• Supplied data:
= = = =

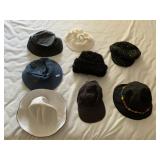 GROUP OF HATS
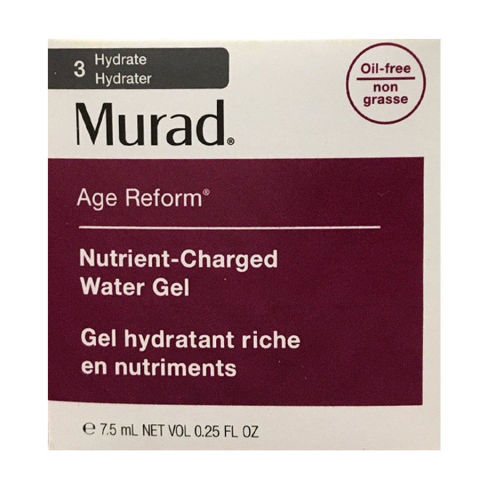 Murad Nurient Charged Water Gel - Su Bazlı Nemlendirici Deneme Boy 7.5ml Murad Nurient Charged Water Gel - Su Bazlı Nemlendirici Deneme Boy 7.5ml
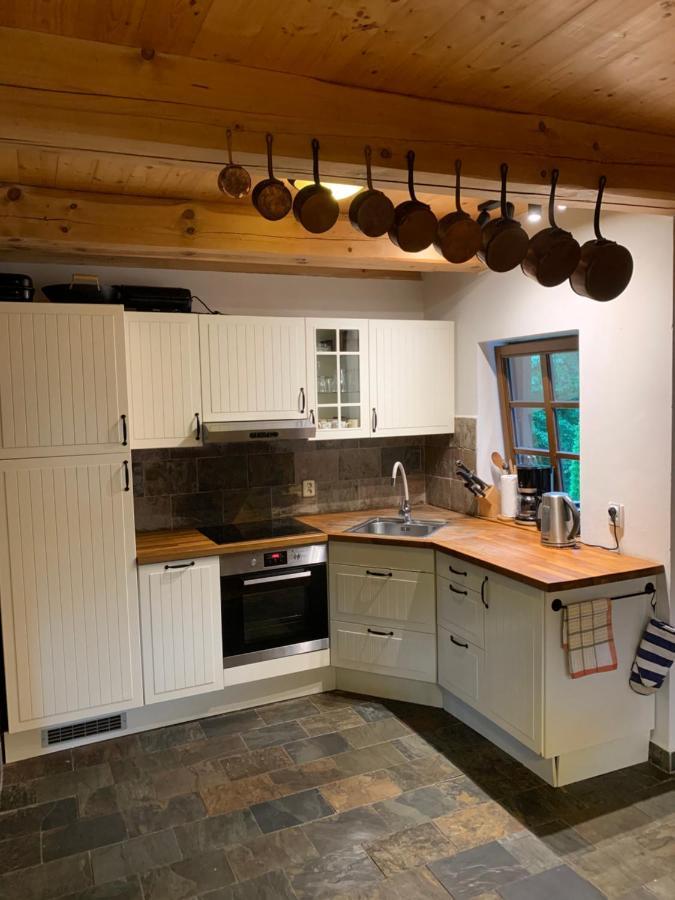 Log Cabin In Czech-Saxon Switzerland Šluknov Екстериор снимка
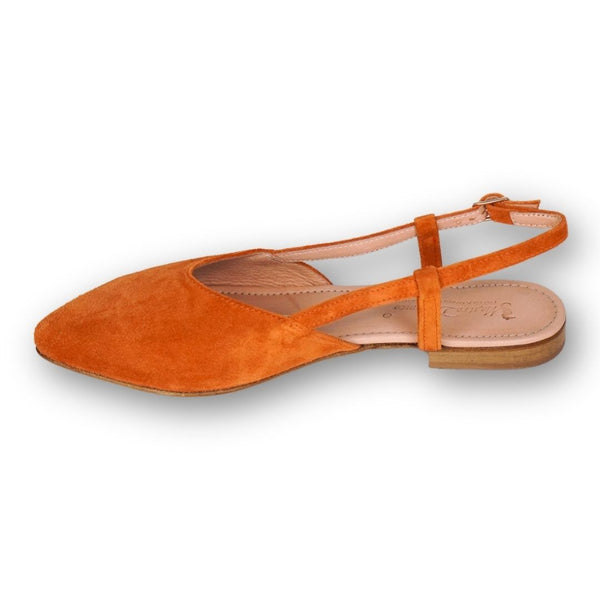 MastroDomenico Handmade Ballerinas - Apricot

= = = =

• Aim of the task:
Give the data again exactly as written, with all pictures left out.

• Answer box:
 GROUP OF HATS
 Murad Nurient Charged Water Gel - Su Bazlı Nemlendirici Deneme Boy 7.5ml Murad Nurient Charged Water Gel - Su Bazlı Nemlendirici Deneme Boy 7.5ml
 Log Cabin In Czech-Saxon Switzerland Šluknov Екстериор снимка
 MastroDomenico Handmade Ballerinas - Apricot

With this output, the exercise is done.